Wasn’t till later in the day that I remembered there might’ve been a reason for my early-morning hysterics: Oh yeah, you kinda thought you were going to die on Sunday night.

I’ve lived in Texas for almost 12 years now. I don’t have the tornadic tales that those who’ve lived in our state’s more rural areas tell, but I’ve accumulated my share of stories and close calls. Mostly, I laugh now when I remember being so frightened of tornadoes upon moving to Dallas back in early ’08; I spent countless nights back in my first Lower Greenville apartment staying up late, watching Pete Delkus on WFAA, clutching a throw pillow and wondering where in the hell in this otherwise well-windowed one-bedroom apartment I was supposed to take cover should those far-off monsters on the TV ever approach Downtown Dallas.

Wasn’t till September 2010 that I earned my first real stripes as a tornado-fearing Texan. I was on the seventh-floor offices of the Dallas Observer and passively paying attention to the tornado-teasing weather updates on my Twitter feed when my only other co-worker still in the building that evening shouted bloody murder — she’d just seen a tornado touch down outside of her west-facing office window. Together, we sprinted down 10 flights of stairs, all the way to the bottom floor of our building’s underground parking garage, where we were met by some custodial workers, a security guard and a handful of other after-hours stragglers. The lot of us stayed down there together for an hour or so, trying to get enough of a cell phone signal to update our web browsers’ weather radars before eventually starting the long walk up the parking garage ramps, hopeful that we’d emerge to an intact landscape. Our immediate area was OK; the damage had mostly hit a few miles away in West Dallas.

What my friends and I faced this past Sunday night was worse.

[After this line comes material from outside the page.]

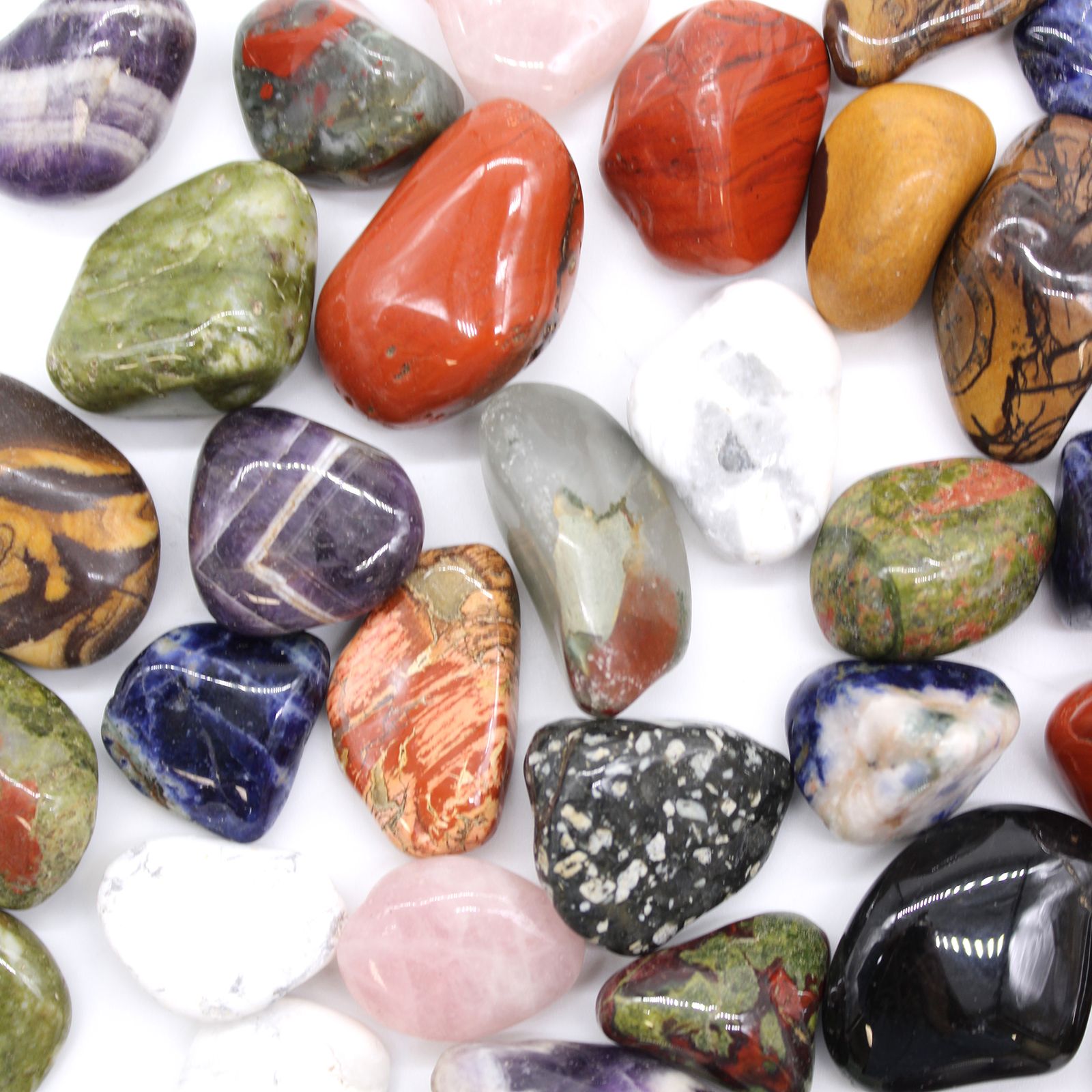 bG9jYWw6Ly9tZWRpYS8xUi9KRC82MFIzMEMxRzZSVEtKRDFSL2YzNDNhMjA2LmpwZWc-6.jpg Medium African Tumble Stones - Dragon Stones - Image 2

It started out as a great time. Our fantasy football group was gathering for an annual Sunday night Dallas Cowboys-watching party hosted by our league’s resident, award-winning amateur barbecue chef/record executive, who’d been smoking brisket, ribs and chicken in his North Dallas home for hours in anticipation of our arrival. We all ate more than our full — it’s safe to say that most of us went back for thirds — while watching the Cowboys coast to a 27-7 halftime lead over the Eagles. We’d took passing notice of the lightning-filled skies throughout, but didn’t think too much of it — excepting our host, who noticed the warnings in the upper left-hand corner of the game broadcast and mentioned with a bit of nervous energy that he’d lived through the Red River Valley’s infamous 59 tornado outbreak of 1979 as a kid. At one point, as the rest of us were watching a mid-commercial NBC5 weather break-in and trying to convince ourselves that weatherman Rick Mitchell wasn’t laying out a tornado path that was set to go right over this house we were at, our host pointed out a bathroom across the hall: “There’s no windows on that side of the house,” he said. “That’s where we’re headed if it comes to it.”

It came to it.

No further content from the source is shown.